INTC announced 3Q11 earnings after the close of trading in New York on October 18th. The report was records all around.
Revenue for the three months was an all-time high of $14.3 billion, up 29% year on year. Net income was another first, at $3.7 billion, up 24%. So, too, were eps, at $.69, up 33%. (Why the difference between the percentage gains in net and eps? …INTC’s continuing aggressive stock buybacks, which have shrunk the number of outstanding shares by 354 million over the past 12 months. During 3Q11, INTC bought back 186 million shares at an average price of $21.50.)
These results also blew away the Wall Street analysts’ consensus of $.61 for the quarter.
INTC gave guidance of 4Q11, sketching out a quarter pretty much a carbon copy of 3Q11. That’s a bit weaker than normal seasonality, but softness in the developed world PC business, especially in the EU, has kept the company from being more enthusiastic.
Actually, this is more “new information” than “details.”
How could analysts miss INTC’s earnings so badly? After all, the company’s overall business isn’t growing at warp speed. INTC is also deeply connected into the supply chains of its customers, lead times are long enough for it to see much of the coming quarter, and the company tells analysts in advance what it is seeing.

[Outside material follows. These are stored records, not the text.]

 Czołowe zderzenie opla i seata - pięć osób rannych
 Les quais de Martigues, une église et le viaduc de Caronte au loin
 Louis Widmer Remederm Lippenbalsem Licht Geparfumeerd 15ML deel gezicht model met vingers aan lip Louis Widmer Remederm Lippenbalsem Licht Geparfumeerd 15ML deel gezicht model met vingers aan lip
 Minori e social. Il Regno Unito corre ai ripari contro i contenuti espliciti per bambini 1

The issue is INTC’s mainstay PC business–which grew by 17% year on year during 3Q. This performance was based mostly on strength in emerging markets like China and Brazil. It also contrasted sharply with predictions from third-party research firms that have been saying the global PC market is barely growing at all.

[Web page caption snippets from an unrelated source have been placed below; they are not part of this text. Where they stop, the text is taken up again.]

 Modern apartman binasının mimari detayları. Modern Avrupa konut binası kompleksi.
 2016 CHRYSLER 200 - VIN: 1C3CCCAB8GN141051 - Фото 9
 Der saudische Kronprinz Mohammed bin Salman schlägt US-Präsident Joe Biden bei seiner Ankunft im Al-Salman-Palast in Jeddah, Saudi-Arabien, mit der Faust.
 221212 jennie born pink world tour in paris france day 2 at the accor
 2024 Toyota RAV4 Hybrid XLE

INTC says these firms are systematically underestimating demand. They have a good handle on the PC market in the developed world, but don’t have good sources in developing countries, where consumers are just becoming affluent enough to afford PCs. In such markets, PC demand is booming but the consultants can’t see it.

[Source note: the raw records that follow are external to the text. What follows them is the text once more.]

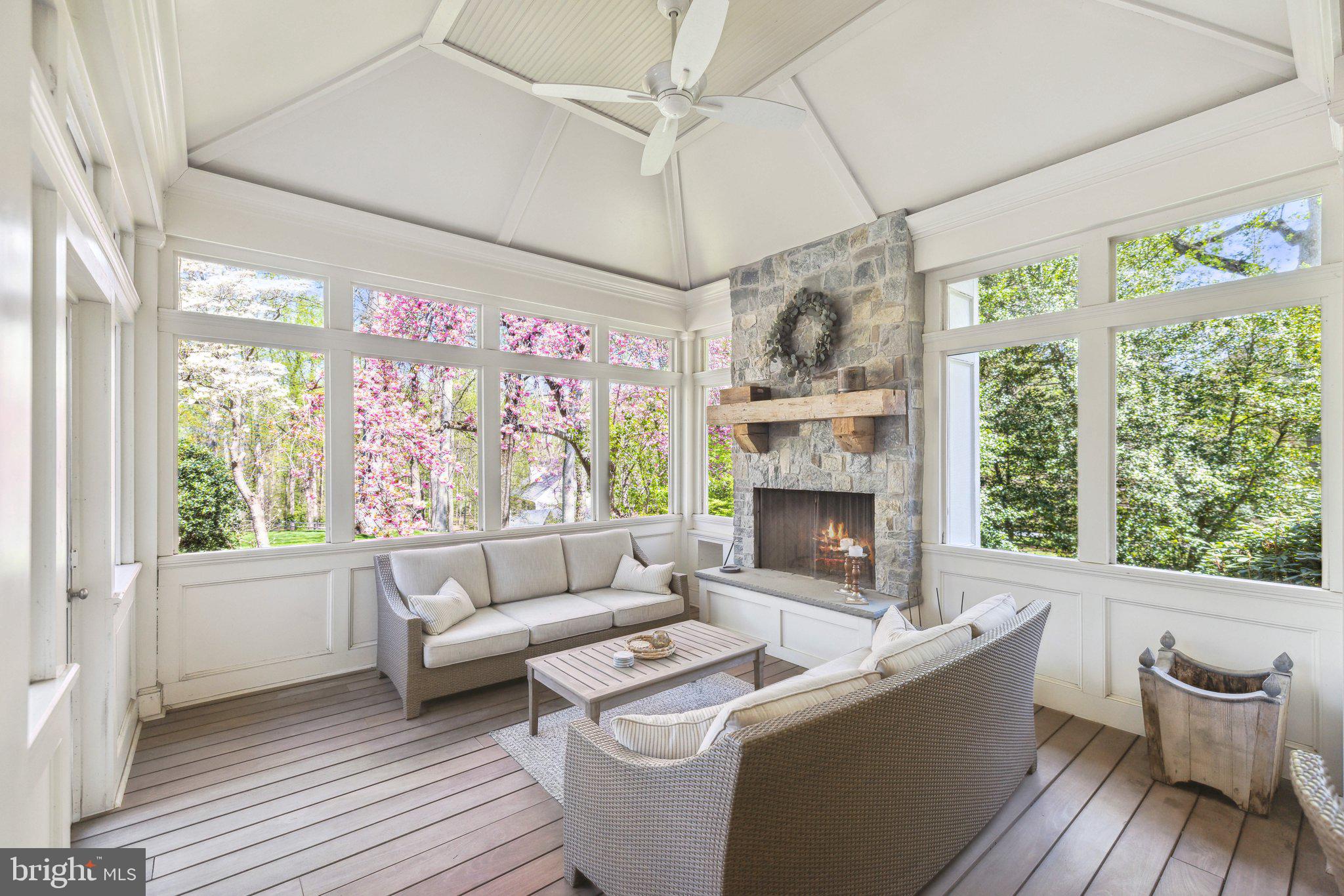 POTOMAC MANOR - Residential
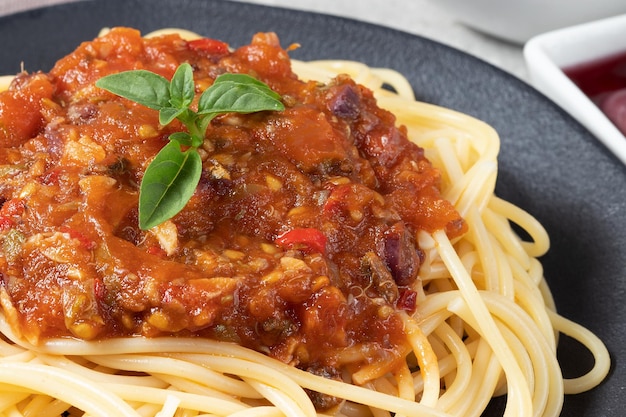 Gros plan de spaghetti putanesca, mise au point sélective.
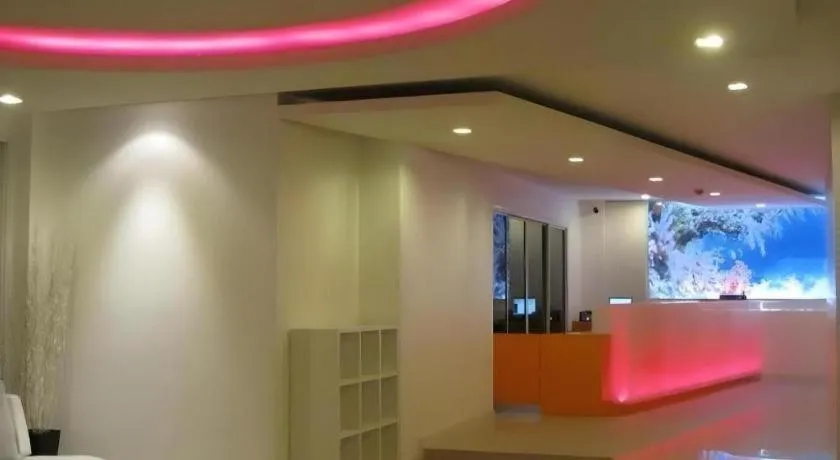 Nana Chat Bangsaen Hotel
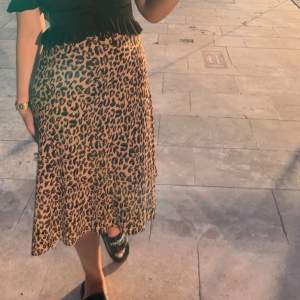 Lång kjol med leopard mönster, använd fåtal gånger 
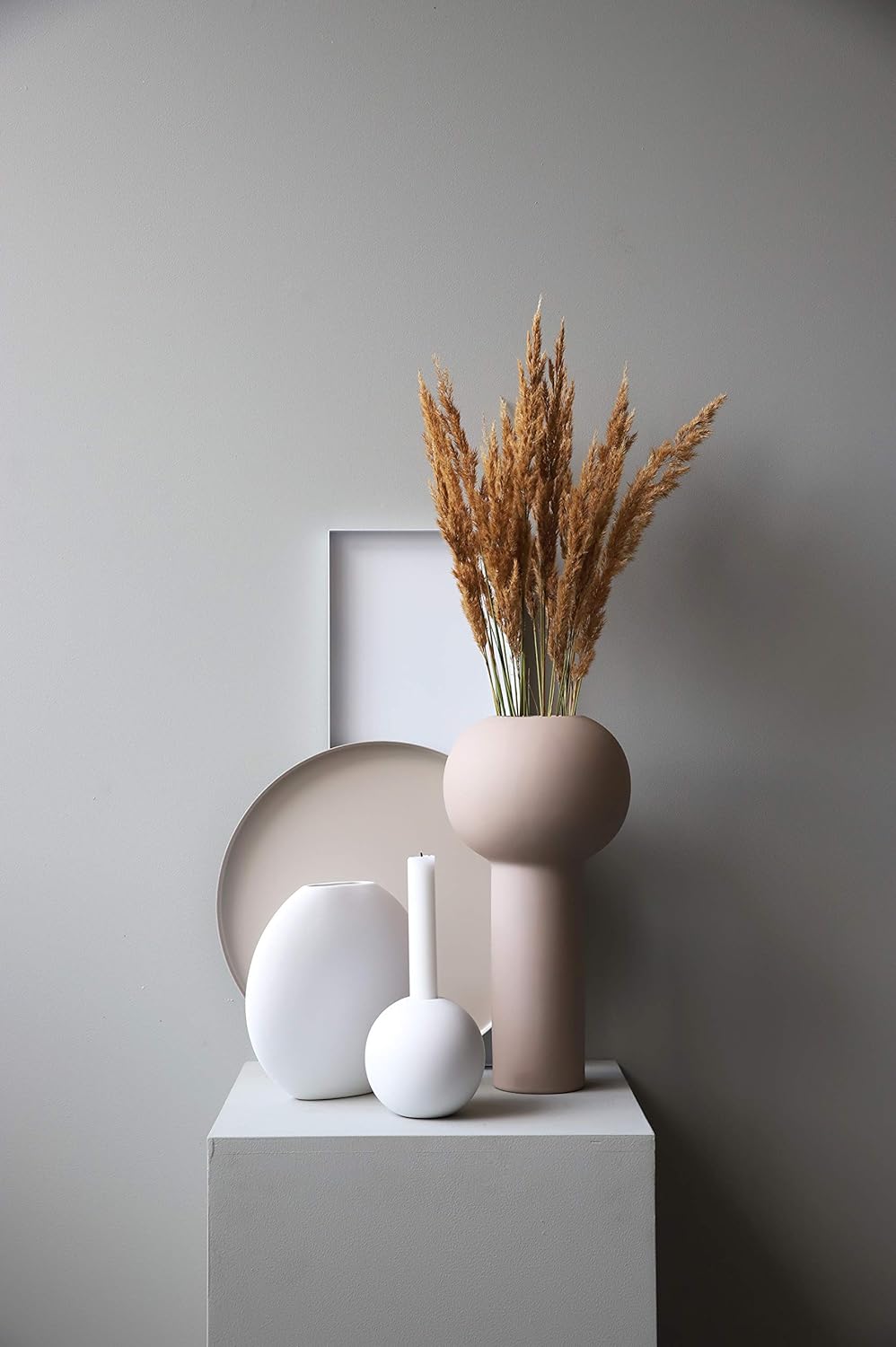 Cooee Design Vase Pastille aus Keramik in der Farbe Weiss Handgefertigt, Durchmesser: 20cm, Höhe: 19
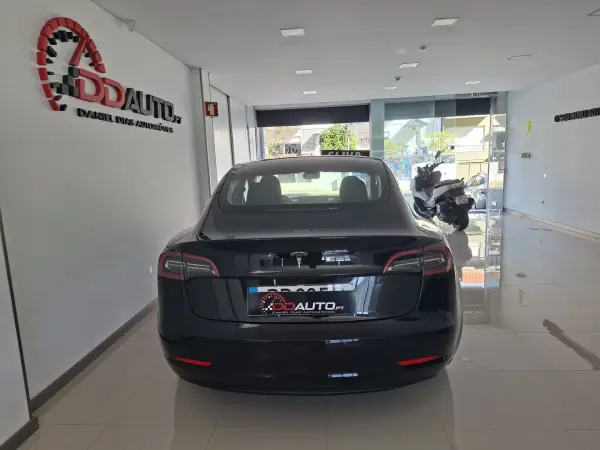 Tesla Model 3 2023 - 31900 EUR, 69700 km - AUTO.MOTO.pt - 69700km - foto 5 de 13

Analysts have so far chosen to believe the consultants, not INTC, and have been projecting a stagnant PC market.
INTC’s 4Q11 caution? It stems from two factors. Demand in the EU is weak. Slowdown in global growth has lowered airfreight rates enough that PC vendors are shifting from ship to air for sending their output to market. Faster delivery allows PC makers to trim finished goods inventories further.
New chips? INTC will be churning out 22nm 3-D chips in volume by yearend. The company thinks that this will give it attractive alternatives to ARM chips for low-end PCs or tablets-maybe even smartphones. INTC’s offerings can sell at the same $30 price as ARM’s but be faster, smaller and use less power. They’ll also already be compatible with all a potential customer’s existing technology. If so, INTC may be able to compete successfully with ARM for the first time ever.
what about 2012?
My rough guess is that INTC earnings will be up, and by around 10%.
INTC thinks corporations are only about halfway through their upgrade from Windows XP to Windows 7. Initial demand for the company’s newest server chip, which will debut early net year, already has 2x the design wins and 20x the demand that today’s standard had at launch. Cloud computing, which is still a small business for INTC, is growing by leaps and bounds. These users demand the newest, highest-performance and highest-profit server chips INTC makes. Assume this all adds up to 20% growth for a third of INTC’s business.
For the traditional consumer PC business, let’s say the developed world and the developing world are about equal size today. For 2012, assume that the developed world be flat and the developing world will slow down to 10% growth. That would mean 5% growth for two-thirds of INTC’s business.
Add the two together and growth for 2012 will come out to +10%. Stock buybacks will probably add a few percentage points to that number. Eps would probably be slightly above $2.50 for this year and would come in at $2.75-$2.80 for 2012. The consensus brokerage house estimate is at $2.45.
There’s some risk that demand in developed markets will decline next year. But I think the fall would have to be more than 10% to make an appreciable change to the overall company’s fortunes. On the other hand, it’s possible that INTC’s new 3-D chips will allow it to gain tablet or smartphone design wins–something that Wall Street now finds impossible to believe.
At today’s share price, INTC is trading at 9.4x current earnings and 8.5x earnings for 2012. It’s yielding 3.5%. I’m tempted to write that the stock is priced like a business cycle-sensitive industrial at the top of the cycle–but even stocks like CAT and DE are selling at higher multiples than INTC.
That’s actually part of the positive investment case for the stock. It’s priced as if all that matters for it is the consumer PC business in the US and EU, that these markets are in secular decline and that INTCs attempts to adjust its offerings to a smartphone- and tablet-driven future will fail. So downside risk seems to me to be limited. Upside could be considerable if INTC’s new 3-D chips do what the company thinks they can.